Task goal: For this task, output exactly the lines of the material below starting at the line with "Nota, Alemanha, Heede" and ending at the line with "Plakaty Herbstliches Fehlerbild"; pictures are to be excluded.

■ ■ ■ ■ ■ ■ ■

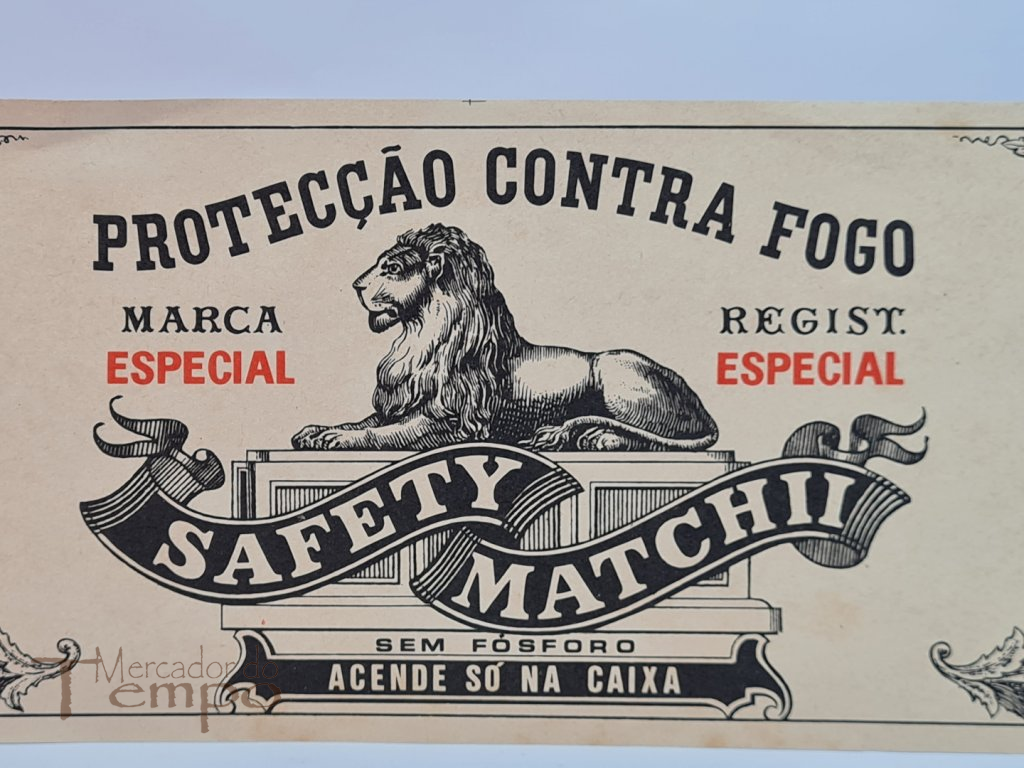Rótulo com publicidade caixas fósforos antigas Safety Match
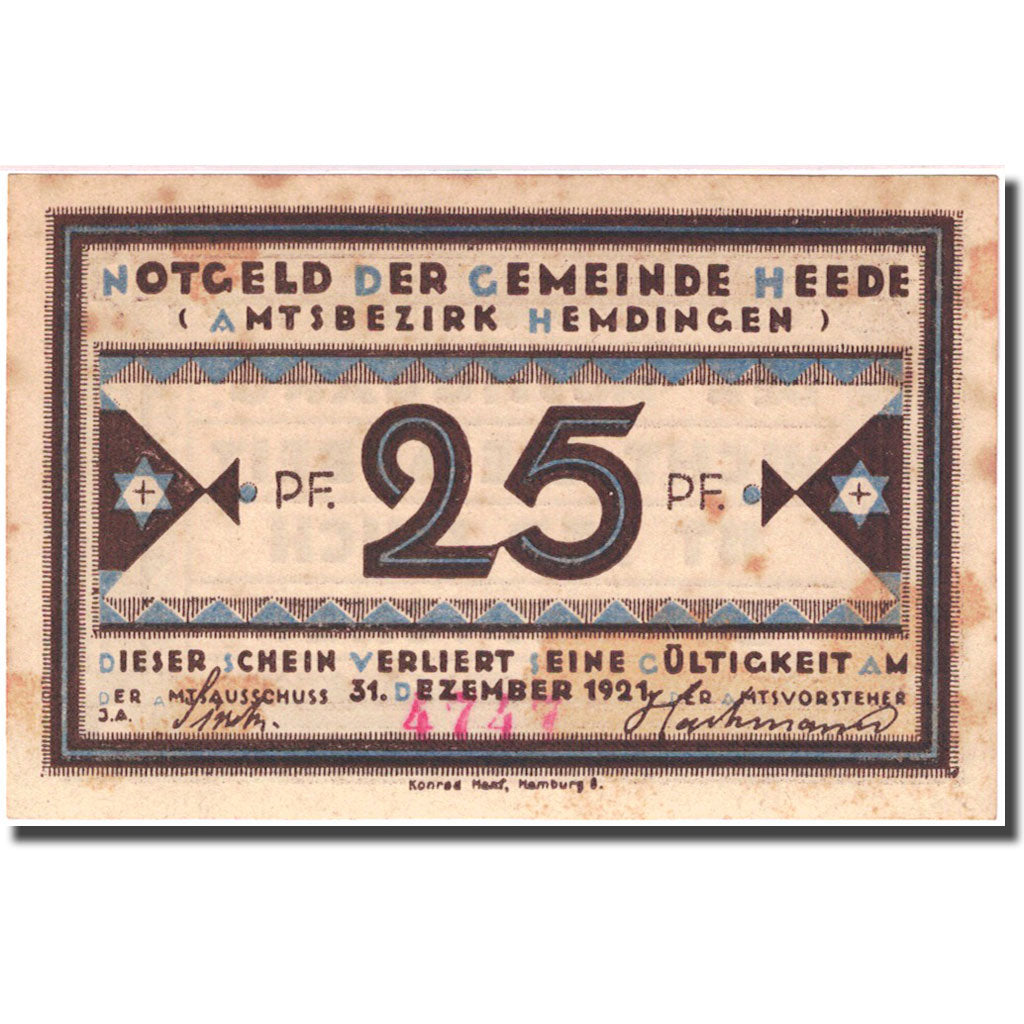 Nota, Alemanha, Heede 25 Pfennig valeur faciale 1921-12-31 AU(55-58) Mehl 586.1a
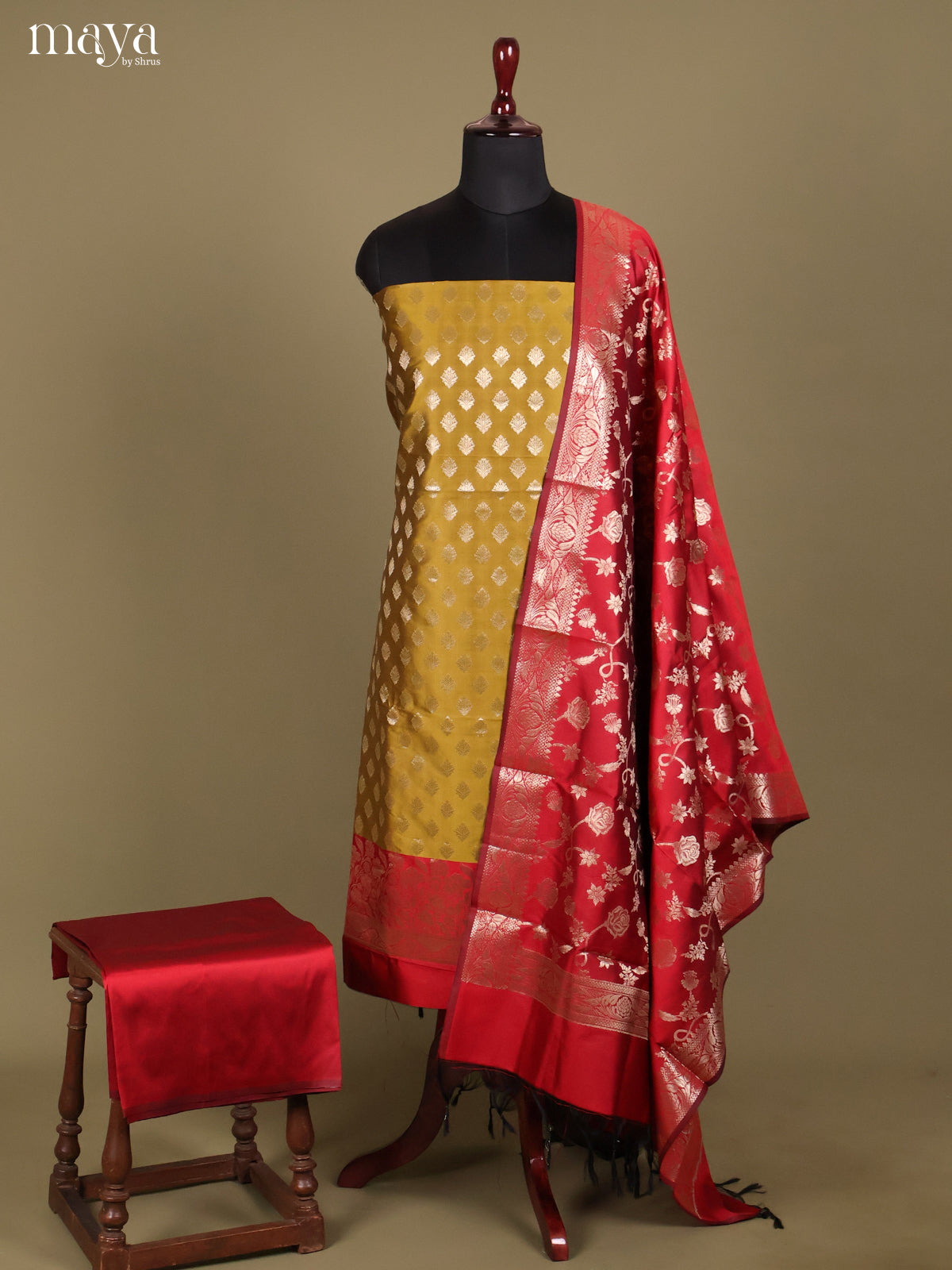 MDH18038-Semi banaras salwar Unstitch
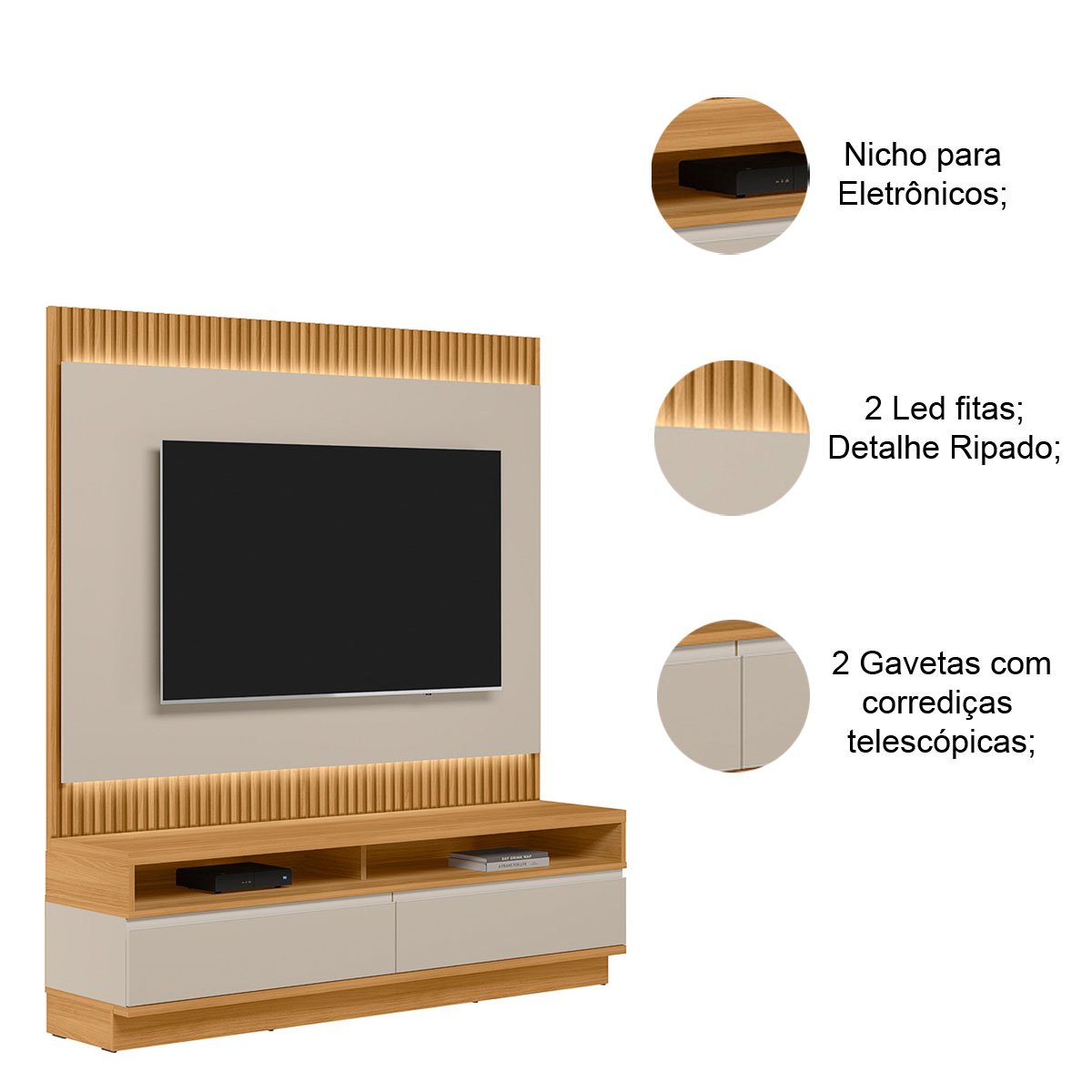 Rack com Painel Modulado para Tv até 70" Ripado Paulina  Tauari/Off White Fosco
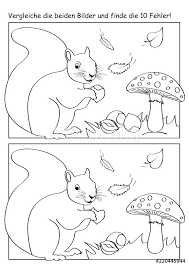 Plakaty Herbstliches Fehlerbild Mit Eichhornchen Fliegenpilzen Blattern Und Nussen 220445944 Eichhornchen Herbst Im Kindergarten Herbst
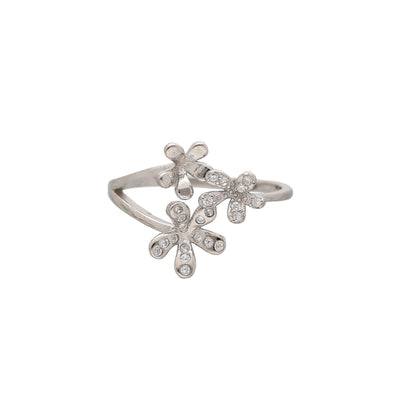 Sterling Silver 925 Daily Wear Flower Ring - FKJRNSL10794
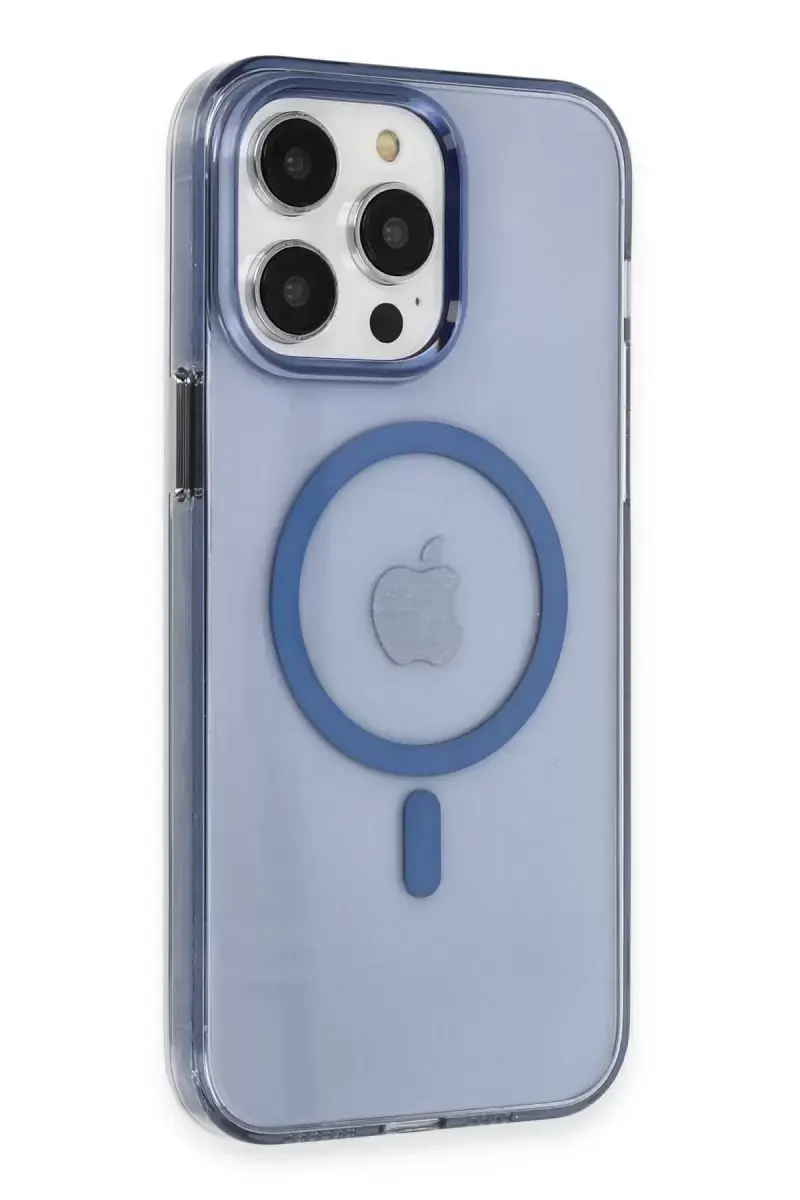 Newface Apple İphone 14 Pro Kılıf Tron Şeffaf Magsafe Kapak - Mavi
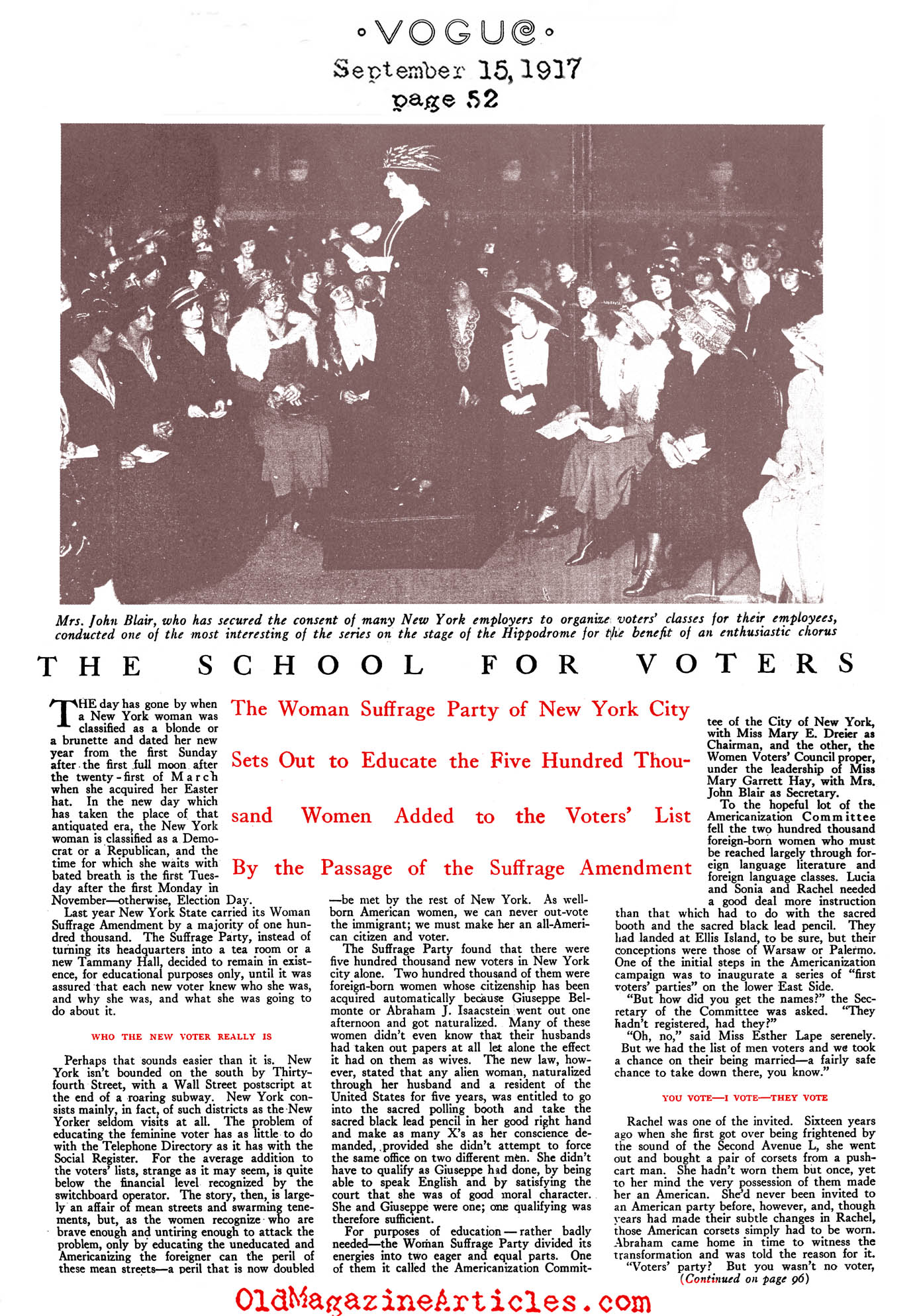 The New York Suffrage Amendment Advances the Ball (Vogue Magazine, 1917)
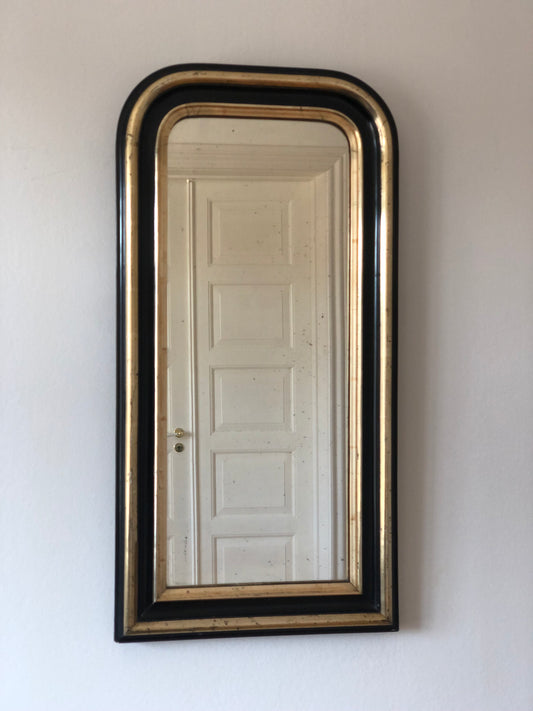 Antique Louis Philippe Smal Full Length Mirror In Black and Gold France Late 19th Century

■ ■ ■ ■ ■ ■ ■

Answer section:
 Nota, Alemanha, Heede 25 Pfennig valeur faciale 1921-12-31 AU(55-58) Mehl 586.1a
 MDH18038-Semi banaras salwar Unstitch
 Rack com Painel Modulado para Tv até 70" Ripado Paulina  Tauari/Off White Fosco
 Plakaty Herbstliches Fehlerbild Mit Eichhornchen Fliegenpilzen Blattern Und Nussen 220445944 Eichhornchen Herbst Im Kindergarten Herbst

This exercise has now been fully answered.